As we prepare for a weekend the in which the Gators take the field seeking redemption, I dug through some statistics, as telling/useless as they can be,to find something that might shed some light as to what might happen this Saturday at 3:30.pm ET. One possibly deciding factor in the game could be each teams ability to convert 3rd downs.
Through three games in 2013, the Volunteers have posted a modest 44.44 percent third down conversion rate, with the numbers coming from Austin-Peay (7/11, 63.64%), Western Kentucky (4-10, 40%), and Oregon (5-15, 33.33%).
As it stands, it appears the Vols will be satisfied to achieve their season average of 44.44% against the nation's top third down defense. One of the most impressive statistics the Florida Gator defense has put up this year is the number two: That's the number of times their opponent has converted a third down attempt.. Part of the reason for this gaudy statistic is the Gators defense's ability to put their opponents (two very capable and fairly highly-esteemed offensive attacks) in difficult situations on third down, with only two attempts coming from shorter than seven yards through two games. One highly surprising detail to the Gators' statistics on third down: They have not allowed a single conversion on 3rd down by committing a penalty.

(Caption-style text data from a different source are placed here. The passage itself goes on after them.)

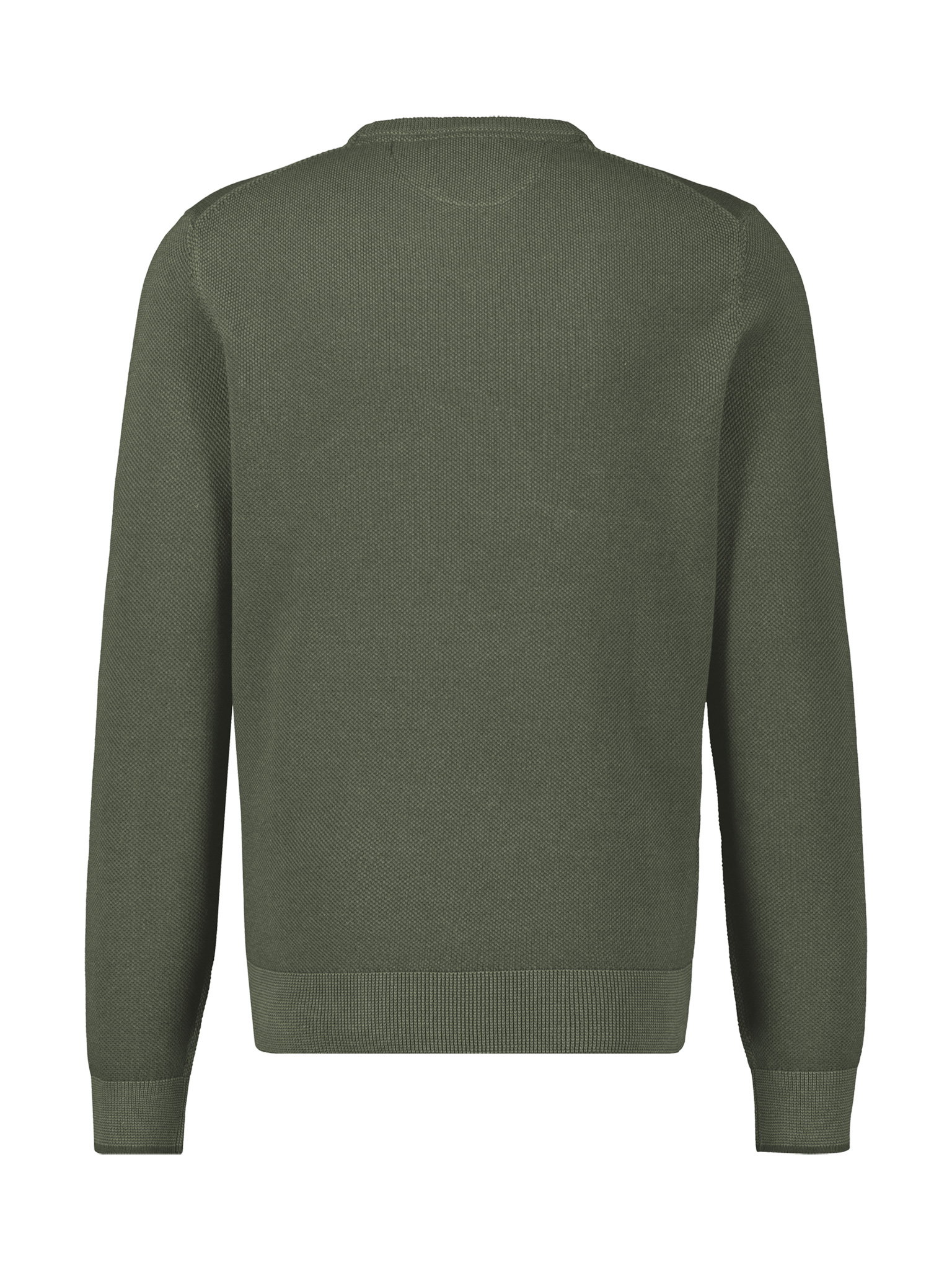 Lerros Pullover #2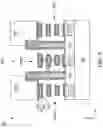 Fig. 12 - Gate-all-around semiconductor device and method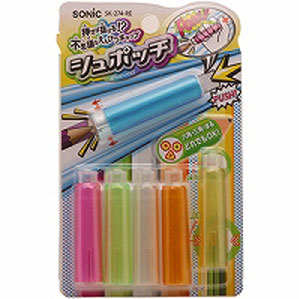 ���˥å� ����Ԥĥ���å� ����ݥå� �쥤��ܡ� SK-274-RE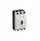 Çelës automatik kompakt KMCCB KMCCB RT 125A, 3 pole, 25kA 380/415V AC, gri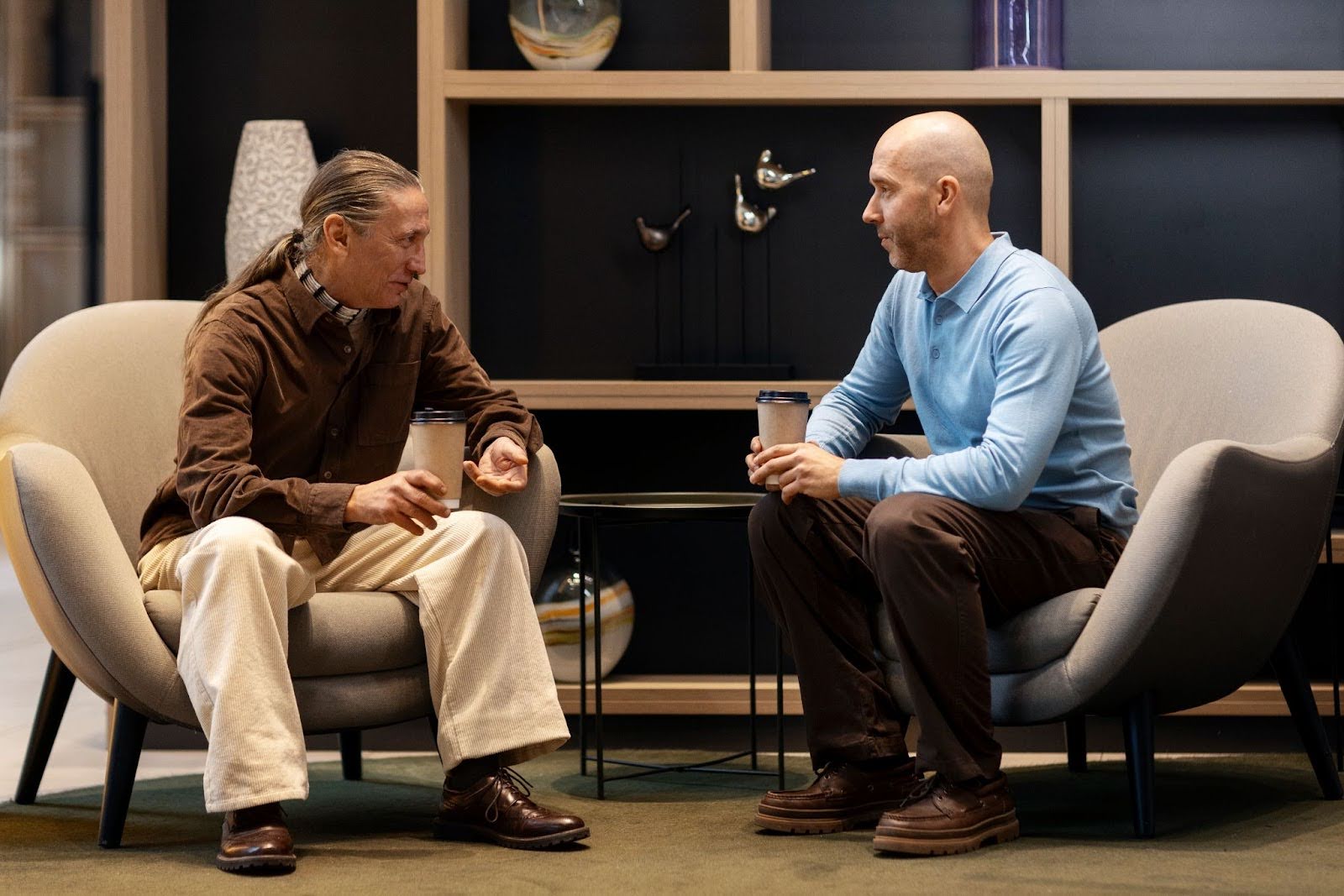 Drug Detox in Encinitas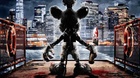 Mickeys-mouse-trap-c_s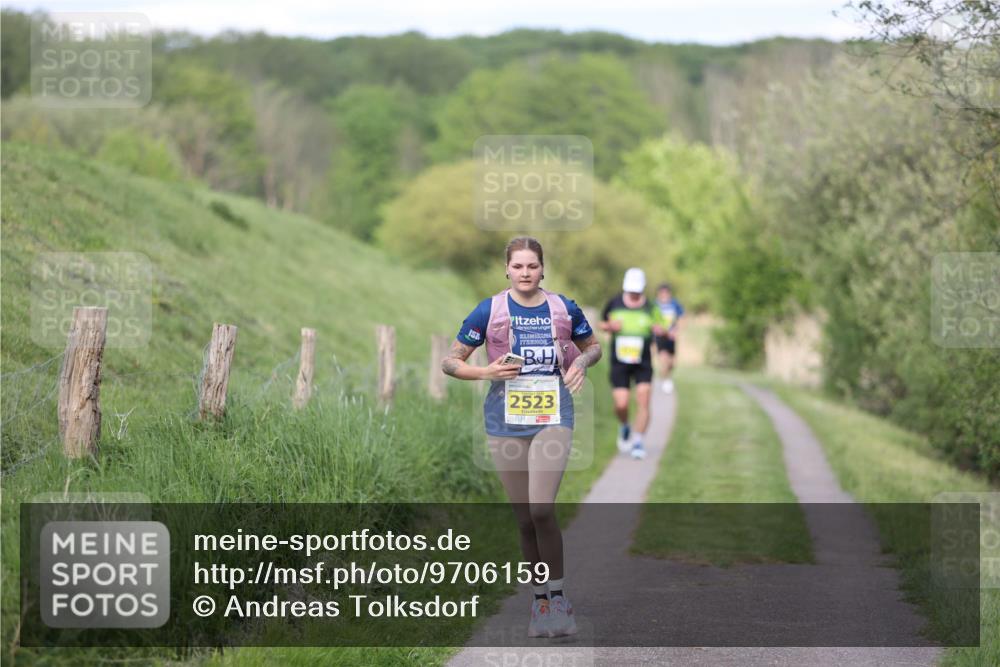 09.05.2026 - Störlauf Andreas Tolksdorf http://msf.ph/oto/9706159 09.05.2026 16:50:19 Laufen 2523 meine-sportfotos.de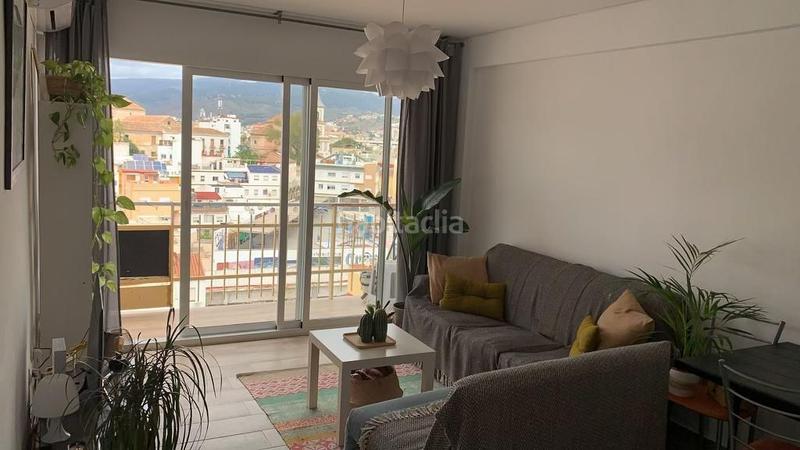 Foto 912d3385-8db9-41e5-99e6-cc33386755dc. Zweistöckige wohnung in Los Castillejos - La Trinidad Málaga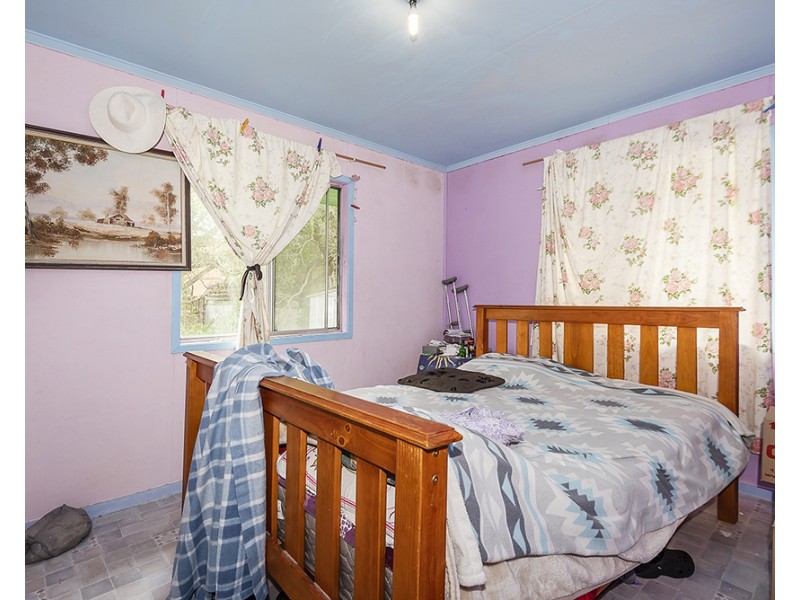 4 Benz Street, Logan Central QLD 4114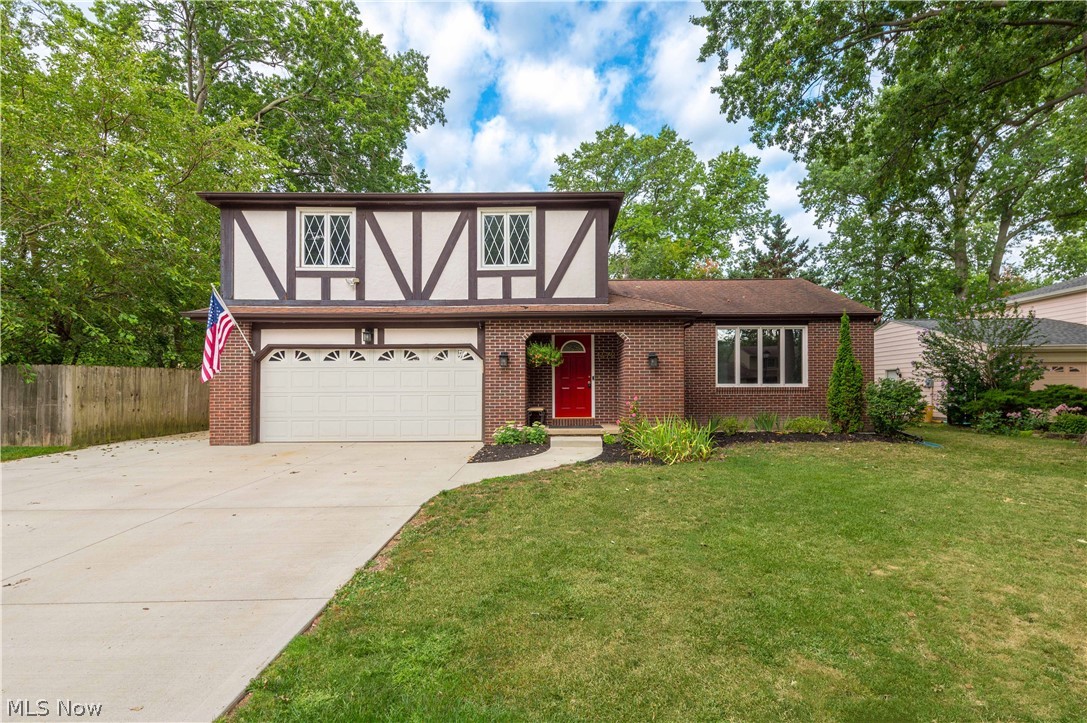 1470 Hawthorne Drive Vermilion OH 44089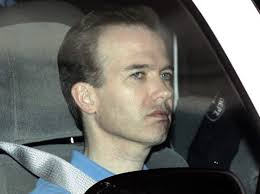 Ramsey prosecutors defend Karr decision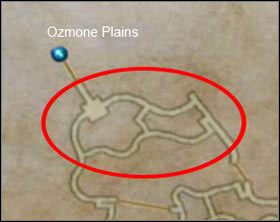 No. 28 - Midgardsormr - # 01 - 40 | Rare Game - Rare Game - Final Fantasy XII Game Guide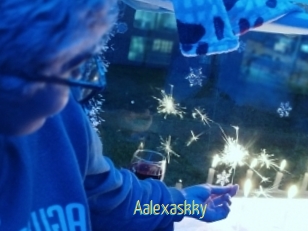 Aalexaskky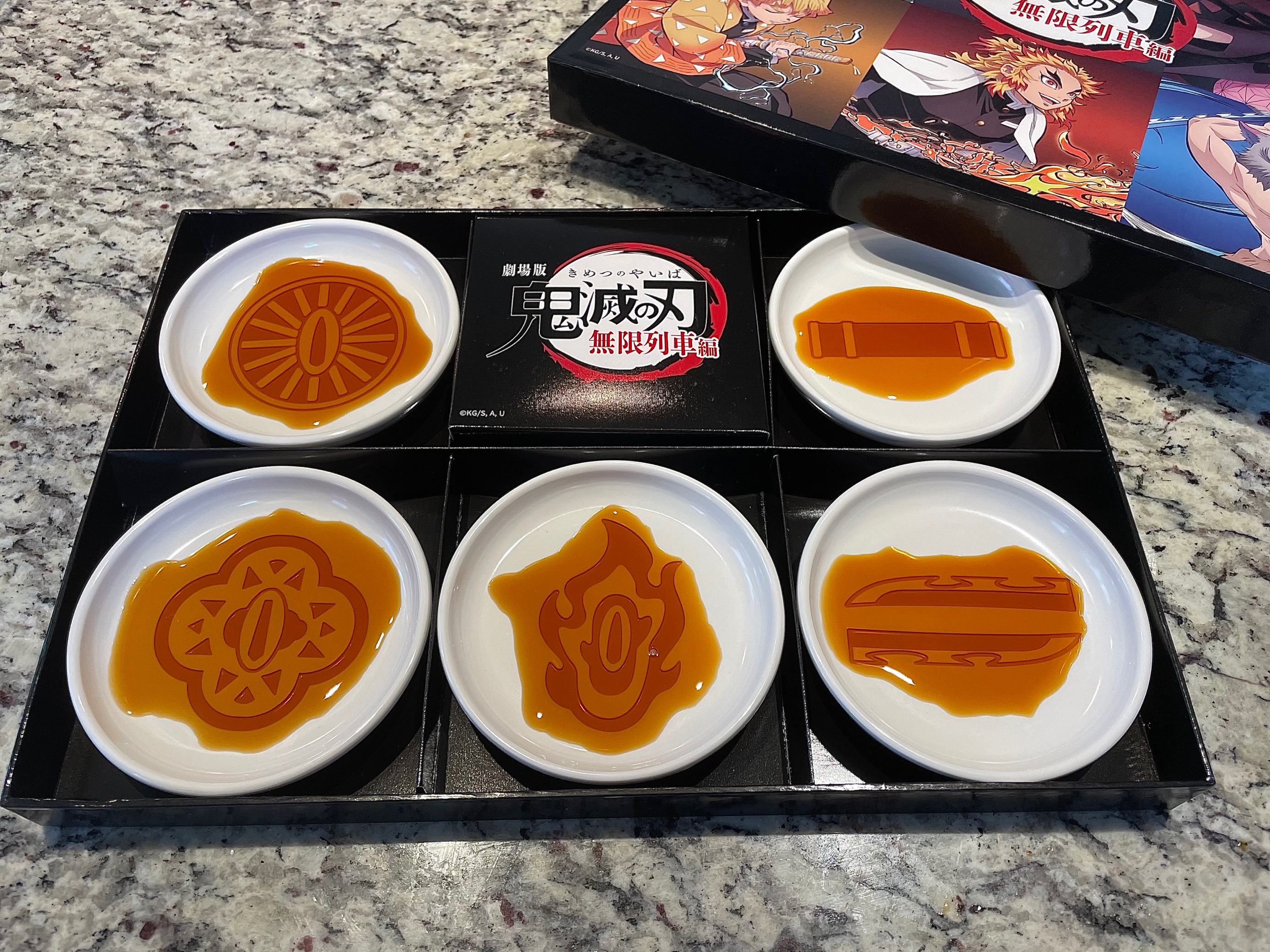 楽天ブックス: 【楽天ブックス限定グッズ+楽天ブックス限定先着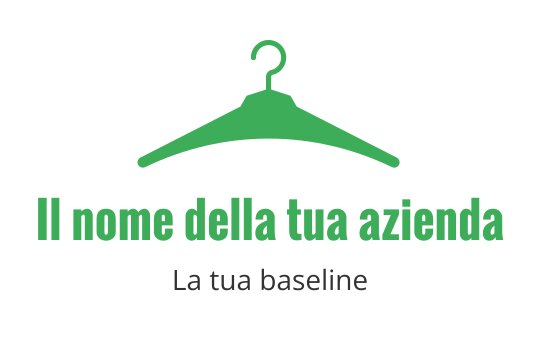 Appendiabiti logo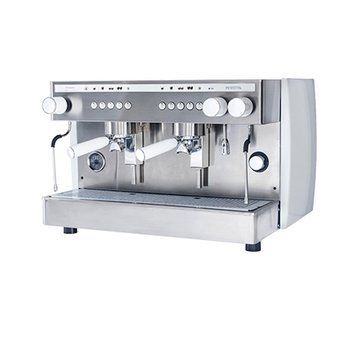 Кавомашина Saeco Perfetta MACSAE361 фото
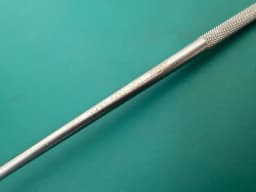 Stryker 3910-500-800 Surgical 3.0mm Calibrated Probe Instrument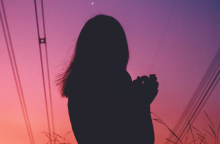 Τα ζώδια της Τρίτης 5 Μαΐου 2020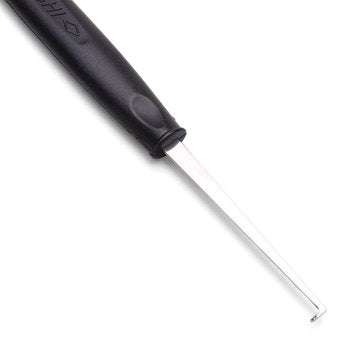 DANIU HU101 Locksmith Tool Automatic Car Lock Pick Tools Set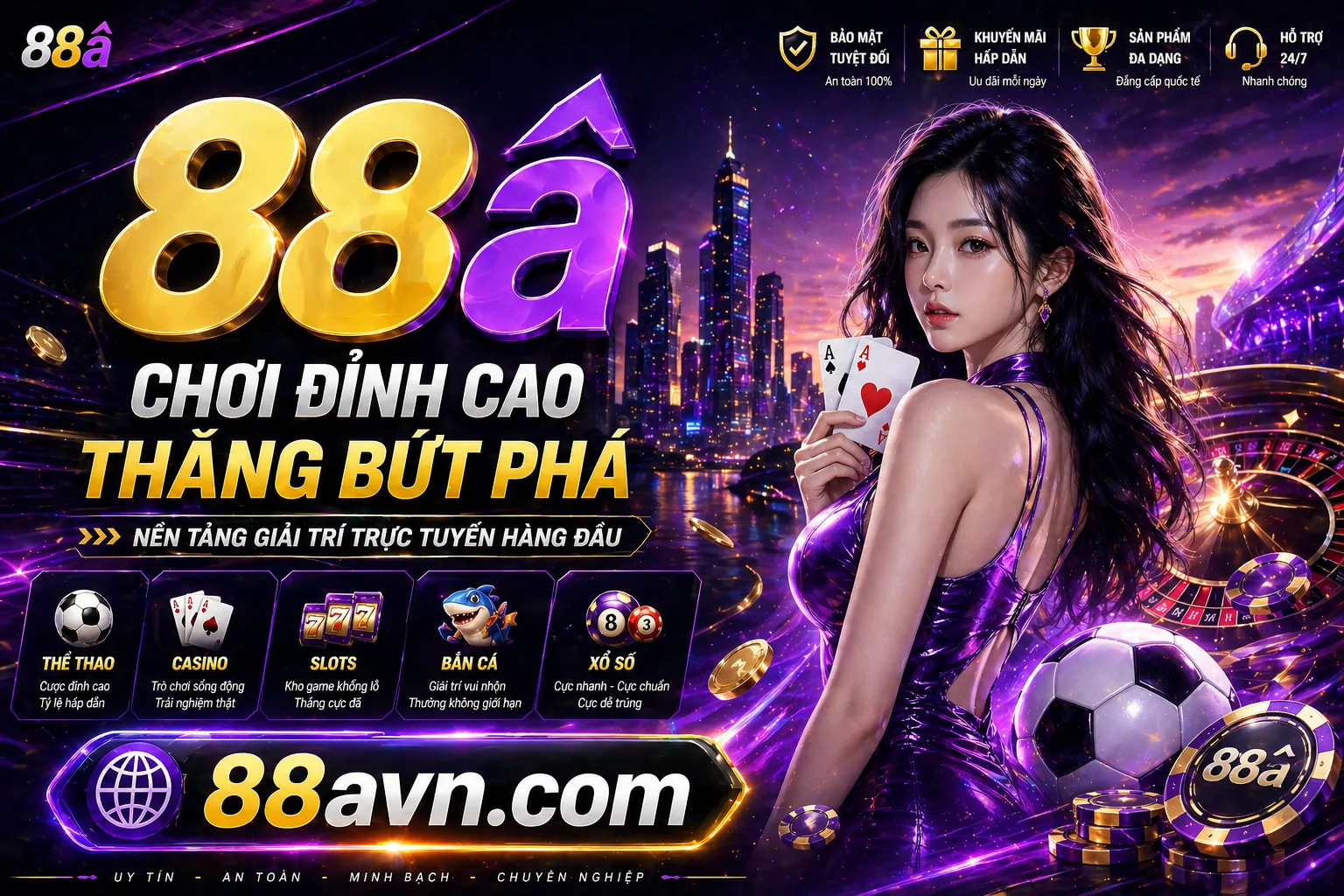 Nbet Login Đăng Ký Tài Khoản Chính Thức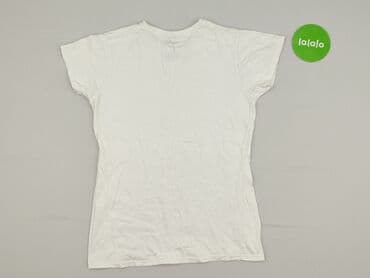 forward observations group t shirty: Women`s T-shirt, size L (EU 40) — 3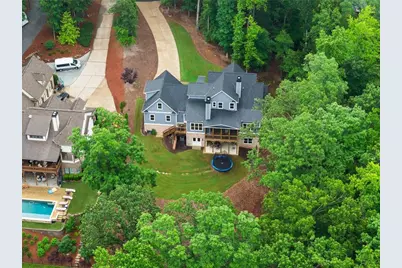 4847 Destitute Way, Gainesville, GA 30506 - Photo 66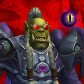 Bollemis avatar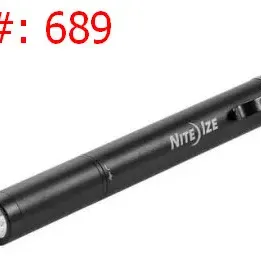 Sale Photo Thumbnail #690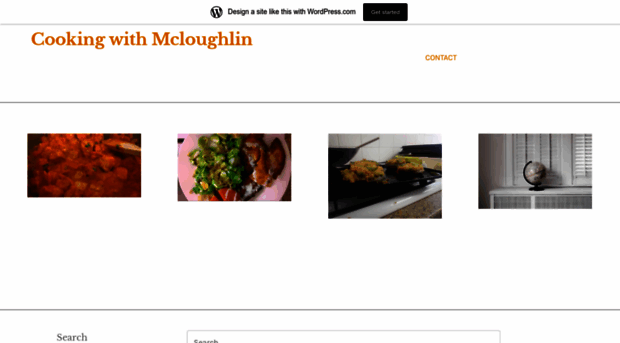 cookingwithmcloughlin.wordpress.com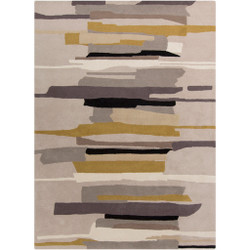 Surya Harlequin  Rug - HQL8022 - 2' x 3'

What you can get from these numbers is that the Gators thrive when they create long passing situations on 3rd down, largely due to their ability to force arid throws by the quarterback and obviously supported their pristine defensive backfield that generally keeps everything in front of them* (this feature could become much more significant with Jaylen Watkins move towards playing more reps at the safety position over less able pass defender, Marcus Maye). Creating these long 3rd down situations is bound to lead to more turnovers in the future for the Gators' defense, as seen in the tape of Florida vs. Miami where there are numerous (upwards of 5) dropped or at least tipped interceptions. Along with the tight coverage in the back comes more pressure on the quarterback and sacks as well, essentially turning the Gators' defense into a 'pick-your-poison' type of predicament for opposing offenses in the event they are stuck with 3rd and long.
As far as the Gator offense, they appear to have similar success to the Vols with a 44.44% 3rd down conversion rate as well. The main issue with the Gators' 3rd down offense is a noticeable struggle, though not necessarily a complete ineptitude, with definite passing situations on 3rd down and long. Thus far, the Gators have committed six turnovers, four fumbles and two interceptions, and four of these turnovers occurred on 3rd down. Of these specific four third down turnovers, three happened on 3rd and 6 yards or more, with the other (3rd and 3) being the interception where Jeff Driskel threw into a hoard of Miami defensive players in the endzone near the end of the first half, after scrambling in the backfield for several seconds. Overall, on 3rd down plays of 5 yards or shorter, the Gators' offense has converted ten of fifteen times (66.67%) as opposed to a much worse two of eleven (18.18%) on 3rd down plays of 6 yards or longer. As far as the Volunteers 3rd down defense, besides their performance against Austin Peay, it has been a fairly pedestrian 41.03% through three games in 2013.
A possibly revealing number comes from their matchup with Western Kentucky where they surrendered 53.33% of the Hilltopper's attempts on 3rd down a number that is even lower than the percentage of conversions they allowed this past week in Eugene against Oregon (50% on 6/12, despite running a whopping 76 plays; possibly a result of Oregon not requiring 3 downs to move the ball past the Volunteers' defense for first downs). The Gators, however, have had a tendency, spanning back to last year, of shooting themselves in the foot with penalties that have killed drives by putting Driskel in difficult passing situations where opposing defenses could simply stack the secondary the way they stack the box on early down plays due to predictable play call. If the Gators can shorten the field on 1st and 2nd down, creating short 3rd down situations, it could prove to be a long day for the thin depth of the Tennessee defensive line as the Gators look to return their power running game to form and as they look to trim down the number of turnovers and penalties.
As far as my hypothesis, I would venture to say that, given a relatively even turnover margin (+/- 2), the team with better success on 3rd down will see to a victory if it turns out being a close game. Based on that general hypothesis, its relatively easy to predict that the Gators comes out on top of the Volunteers who have similar offensive woes, but lack severely what the Gators do not on the defensive side of the ball.